As the expert readily observed, the subject property’s proximity to Trinitas Regional Medical

Center is a “major benefit” and is “the main economic influence for this building . . . It really does

dominate this particular portion of the City of Elizabeth.” Moreover, the expert offered no

testimony regarding the availability of parking for any of the identified eight office lease locations.

Here, the medical arts building is located immediately adjacent to a four-story public parking deck,

affording vehicular access and parking for lessees, their employees, visitors, and guests.

       It is well-settled, that one of the key elements of comparison in a rental analysis is “location

– [t]ime-distance linkages and unit-specific locations in project.”         Appraisal Institute, The

Appraisal of Real Estate, 466 (14th ed. 2013). By definition, comparability does not require

properties to be identical, “differences between a comparable property and the subject property are

anticipated. They are dealt with by adjustments recognizing and explaining these differences, and

then relating the two properties to each other in a meaningful way so that an estimate of the value

of one can be determined from the value of the other.” U.S. Life Realty Corp. v. Jackson Twp., 
9 N.J. Tax 66, 72 (Tax 1987). However, it is pivotal for an appraiser to establish appropriate

“elements of comparison for a given appraisal through market research and [to] support those

conclusions with market evidence.” The Appraisal of Real Estate, at 390.

       Here, to account for the disparity in the quality of the location of the medical arts building

and the comparable leases, the expert applied a 10% location adjustment to each of the eight

comparable leases. In the expert’s opinion, the medical arts building’s location next to the Trinitas




                                                  13
Regional Medical Center was “superior” to all of the comparable leases. In addition, the expert

expressed that comparable leases 1, 2, 6, and 8 were “not the same quality” as the medical arts

building and applied a positive 10% adjustment.

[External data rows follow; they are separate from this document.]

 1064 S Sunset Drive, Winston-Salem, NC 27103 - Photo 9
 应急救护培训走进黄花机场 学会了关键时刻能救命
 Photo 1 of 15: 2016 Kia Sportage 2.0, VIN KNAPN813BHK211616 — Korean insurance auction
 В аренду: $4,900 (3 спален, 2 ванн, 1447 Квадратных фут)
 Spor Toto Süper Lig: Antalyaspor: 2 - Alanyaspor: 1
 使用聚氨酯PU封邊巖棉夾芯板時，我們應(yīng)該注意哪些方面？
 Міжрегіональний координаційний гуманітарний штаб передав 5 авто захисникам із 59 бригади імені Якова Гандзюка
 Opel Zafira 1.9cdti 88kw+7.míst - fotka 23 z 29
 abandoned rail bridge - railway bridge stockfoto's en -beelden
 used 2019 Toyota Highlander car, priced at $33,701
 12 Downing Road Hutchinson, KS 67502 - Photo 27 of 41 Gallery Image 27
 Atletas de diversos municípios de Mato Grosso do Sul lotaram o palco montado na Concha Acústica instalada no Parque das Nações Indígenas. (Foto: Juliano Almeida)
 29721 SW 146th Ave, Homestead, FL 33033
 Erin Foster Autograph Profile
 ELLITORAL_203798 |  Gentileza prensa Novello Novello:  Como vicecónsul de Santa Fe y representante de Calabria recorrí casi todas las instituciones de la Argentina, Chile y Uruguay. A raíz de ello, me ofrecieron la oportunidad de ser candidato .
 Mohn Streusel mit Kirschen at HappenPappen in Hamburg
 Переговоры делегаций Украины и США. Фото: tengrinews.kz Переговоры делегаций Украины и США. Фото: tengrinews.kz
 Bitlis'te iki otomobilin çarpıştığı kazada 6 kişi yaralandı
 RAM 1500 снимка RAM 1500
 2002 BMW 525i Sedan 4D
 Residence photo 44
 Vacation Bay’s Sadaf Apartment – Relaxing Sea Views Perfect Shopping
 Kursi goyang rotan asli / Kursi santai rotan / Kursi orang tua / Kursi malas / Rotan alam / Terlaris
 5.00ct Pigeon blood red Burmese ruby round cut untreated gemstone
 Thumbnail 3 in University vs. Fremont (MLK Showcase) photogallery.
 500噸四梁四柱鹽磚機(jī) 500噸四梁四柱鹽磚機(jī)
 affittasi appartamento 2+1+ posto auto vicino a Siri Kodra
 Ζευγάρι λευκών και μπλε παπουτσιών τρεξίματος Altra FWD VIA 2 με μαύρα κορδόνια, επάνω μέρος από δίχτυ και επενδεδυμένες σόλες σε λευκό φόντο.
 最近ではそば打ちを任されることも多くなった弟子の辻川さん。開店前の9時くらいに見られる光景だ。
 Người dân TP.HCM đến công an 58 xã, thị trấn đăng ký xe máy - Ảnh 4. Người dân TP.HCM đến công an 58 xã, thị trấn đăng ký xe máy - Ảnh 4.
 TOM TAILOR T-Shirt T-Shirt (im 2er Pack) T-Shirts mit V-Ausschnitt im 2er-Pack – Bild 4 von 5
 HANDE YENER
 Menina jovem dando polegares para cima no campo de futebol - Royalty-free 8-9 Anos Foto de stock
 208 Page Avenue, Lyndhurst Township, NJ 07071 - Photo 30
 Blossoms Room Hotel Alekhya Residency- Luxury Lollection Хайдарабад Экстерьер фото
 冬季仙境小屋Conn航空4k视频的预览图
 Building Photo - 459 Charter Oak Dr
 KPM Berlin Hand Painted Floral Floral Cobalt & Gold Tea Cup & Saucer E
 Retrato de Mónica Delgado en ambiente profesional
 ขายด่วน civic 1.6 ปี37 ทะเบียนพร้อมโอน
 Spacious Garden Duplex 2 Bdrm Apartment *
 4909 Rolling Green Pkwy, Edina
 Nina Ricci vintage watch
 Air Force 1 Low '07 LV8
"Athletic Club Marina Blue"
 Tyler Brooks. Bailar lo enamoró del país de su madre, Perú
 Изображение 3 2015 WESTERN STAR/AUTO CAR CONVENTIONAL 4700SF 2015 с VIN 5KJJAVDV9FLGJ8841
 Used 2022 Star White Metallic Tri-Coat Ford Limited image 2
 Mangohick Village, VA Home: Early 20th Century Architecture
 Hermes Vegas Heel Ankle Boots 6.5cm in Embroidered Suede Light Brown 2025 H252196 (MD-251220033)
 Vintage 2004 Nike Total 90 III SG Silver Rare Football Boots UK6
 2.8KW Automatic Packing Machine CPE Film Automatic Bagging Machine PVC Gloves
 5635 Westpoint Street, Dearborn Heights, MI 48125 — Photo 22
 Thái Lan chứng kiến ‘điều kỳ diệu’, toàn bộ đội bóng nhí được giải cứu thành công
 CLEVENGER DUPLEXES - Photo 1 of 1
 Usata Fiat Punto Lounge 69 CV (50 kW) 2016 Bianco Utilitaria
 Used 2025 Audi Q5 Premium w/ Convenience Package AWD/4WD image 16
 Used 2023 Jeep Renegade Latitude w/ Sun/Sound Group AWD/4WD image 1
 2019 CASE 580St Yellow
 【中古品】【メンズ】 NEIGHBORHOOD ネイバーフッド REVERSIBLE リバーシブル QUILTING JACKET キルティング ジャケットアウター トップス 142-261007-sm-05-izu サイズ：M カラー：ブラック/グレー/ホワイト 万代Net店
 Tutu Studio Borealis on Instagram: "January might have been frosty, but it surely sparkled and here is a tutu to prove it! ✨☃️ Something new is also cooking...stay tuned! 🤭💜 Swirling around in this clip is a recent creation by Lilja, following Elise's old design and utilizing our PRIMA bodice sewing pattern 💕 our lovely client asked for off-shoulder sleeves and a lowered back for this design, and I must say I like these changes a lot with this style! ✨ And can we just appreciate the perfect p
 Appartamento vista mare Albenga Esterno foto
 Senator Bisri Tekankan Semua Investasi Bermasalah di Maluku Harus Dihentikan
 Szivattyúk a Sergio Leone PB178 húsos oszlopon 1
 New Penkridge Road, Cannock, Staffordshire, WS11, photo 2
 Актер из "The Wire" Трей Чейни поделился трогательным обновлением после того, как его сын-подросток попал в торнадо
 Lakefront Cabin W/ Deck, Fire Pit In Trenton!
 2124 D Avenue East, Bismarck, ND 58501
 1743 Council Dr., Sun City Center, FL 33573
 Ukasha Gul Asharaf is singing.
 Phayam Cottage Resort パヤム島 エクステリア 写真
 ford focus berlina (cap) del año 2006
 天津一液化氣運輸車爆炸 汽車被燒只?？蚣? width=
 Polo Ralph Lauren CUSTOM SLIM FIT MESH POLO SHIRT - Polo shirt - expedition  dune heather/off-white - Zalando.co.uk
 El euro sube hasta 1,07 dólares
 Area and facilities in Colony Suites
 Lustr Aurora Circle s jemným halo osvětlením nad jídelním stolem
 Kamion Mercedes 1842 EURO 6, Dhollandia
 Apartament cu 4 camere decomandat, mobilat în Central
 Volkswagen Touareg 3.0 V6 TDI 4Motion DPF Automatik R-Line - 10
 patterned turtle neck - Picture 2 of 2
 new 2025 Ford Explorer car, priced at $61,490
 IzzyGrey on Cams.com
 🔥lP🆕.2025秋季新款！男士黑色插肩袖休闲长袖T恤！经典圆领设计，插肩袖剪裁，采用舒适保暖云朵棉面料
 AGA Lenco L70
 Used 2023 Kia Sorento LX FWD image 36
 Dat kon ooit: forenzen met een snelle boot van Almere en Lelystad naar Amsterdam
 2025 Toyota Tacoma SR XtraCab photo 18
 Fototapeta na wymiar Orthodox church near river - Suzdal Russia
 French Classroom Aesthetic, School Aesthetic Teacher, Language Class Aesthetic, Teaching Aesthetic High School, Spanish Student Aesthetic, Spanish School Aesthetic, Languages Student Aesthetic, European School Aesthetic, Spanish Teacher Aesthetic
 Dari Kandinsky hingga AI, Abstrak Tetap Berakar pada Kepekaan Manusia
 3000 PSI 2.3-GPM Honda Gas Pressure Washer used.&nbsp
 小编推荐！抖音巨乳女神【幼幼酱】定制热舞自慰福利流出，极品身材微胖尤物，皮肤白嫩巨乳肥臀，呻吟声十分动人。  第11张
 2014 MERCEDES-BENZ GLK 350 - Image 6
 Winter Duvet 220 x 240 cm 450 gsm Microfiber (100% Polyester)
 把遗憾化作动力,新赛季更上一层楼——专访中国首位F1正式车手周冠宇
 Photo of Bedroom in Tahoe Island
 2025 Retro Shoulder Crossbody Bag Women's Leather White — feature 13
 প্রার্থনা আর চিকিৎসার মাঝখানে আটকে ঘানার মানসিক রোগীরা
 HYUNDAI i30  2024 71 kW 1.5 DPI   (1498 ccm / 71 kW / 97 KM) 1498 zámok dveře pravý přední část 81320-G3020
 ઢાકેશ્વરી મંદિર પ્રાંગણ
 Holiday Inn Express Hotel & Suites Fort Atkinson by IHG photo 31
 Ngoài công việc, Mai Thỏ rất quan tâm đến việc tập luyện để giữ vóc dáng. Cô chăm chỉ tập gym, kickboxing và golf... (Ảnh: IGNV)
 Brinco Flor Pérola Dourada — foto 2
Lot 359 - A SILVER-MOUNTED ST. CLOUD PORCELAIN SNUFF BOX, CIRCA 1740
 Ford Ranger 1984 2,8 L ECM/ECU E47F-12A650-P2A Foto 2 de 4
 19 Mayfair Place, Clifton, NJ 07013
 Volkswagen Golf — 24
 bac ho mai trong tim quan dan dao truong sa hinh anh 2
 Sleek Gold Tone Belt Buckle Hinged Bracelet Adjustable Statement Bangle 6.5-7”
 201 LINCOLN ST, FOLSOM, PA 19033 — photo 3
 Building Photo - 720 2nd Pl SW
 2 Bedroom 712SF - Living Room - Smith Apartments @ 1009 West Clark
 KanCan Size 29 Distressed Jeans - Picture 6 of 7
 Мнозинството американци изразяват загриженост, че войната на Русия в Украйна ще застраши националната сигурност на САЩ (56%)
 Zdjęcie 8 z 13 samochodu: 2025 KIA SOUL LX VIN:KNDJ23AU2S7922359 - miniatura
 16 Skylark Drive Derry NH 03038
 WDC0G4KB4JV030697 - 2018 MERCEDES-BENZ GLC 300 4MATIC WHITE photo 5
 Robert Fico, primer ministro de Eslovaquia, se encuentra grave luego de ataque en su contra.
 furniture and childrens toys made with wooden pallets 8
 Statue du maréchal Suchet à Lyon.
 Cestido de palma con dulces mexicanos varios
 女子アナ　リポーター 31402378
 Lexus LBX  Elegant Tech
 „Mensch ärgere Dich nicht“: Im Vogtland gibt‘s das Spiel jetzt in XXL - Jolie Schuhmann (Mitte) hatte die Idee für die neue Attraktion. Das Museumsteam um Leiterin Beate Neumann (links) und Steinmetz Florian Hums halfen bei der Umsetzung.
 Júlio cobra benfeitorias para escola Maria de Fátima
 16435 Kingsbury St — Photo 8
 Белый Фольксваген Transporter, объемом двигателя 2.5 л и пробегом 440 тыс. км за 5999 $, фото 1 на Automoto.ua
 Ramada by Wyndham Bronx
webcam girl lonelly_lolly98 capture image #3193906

        However, the expert failed to offer any credible explanation how his 10% location and

10% quality adjustments were derived that was rooted in objective market data, and supported by

detailed factual information. The only support offered in the expert’s report for the location

adjustment was that the “subject is situated in a good location . . . adjacent to the Trinitas Hospital.

In our opinion . . . the location adjacent to the hospital is a major benefit and all leases were

therefore adjusted to reflect this factor.” The expert offered no description, photographs or

features distinguishing the eight office lease locations from the medical arts building. Moreover,

the expert offered no analysis of medical office leases located in close proximity to a medical

center in contrast to those located distant from medical centers. Simply stated, the expert did not

offer any facts or data supporting his adjustments enabling the court to conclude that they are

inherently reliable. Additionally, the expert failed to offer any evidence how the medical office

marketplace would account for readily available access to vehicular parking, or being in close

proximity to a public four-story parking deck.

        Therefore, the court does not find that the five office leases in Union Township, Hillside,

Springfield, and Linden, and the three office leases in Elizabeth, not located on the campus of a

medical center, and not possessing parking facilities akin to those that are available to the subject

property are comparable to, and thus, competitive in the marketplace with the subject property.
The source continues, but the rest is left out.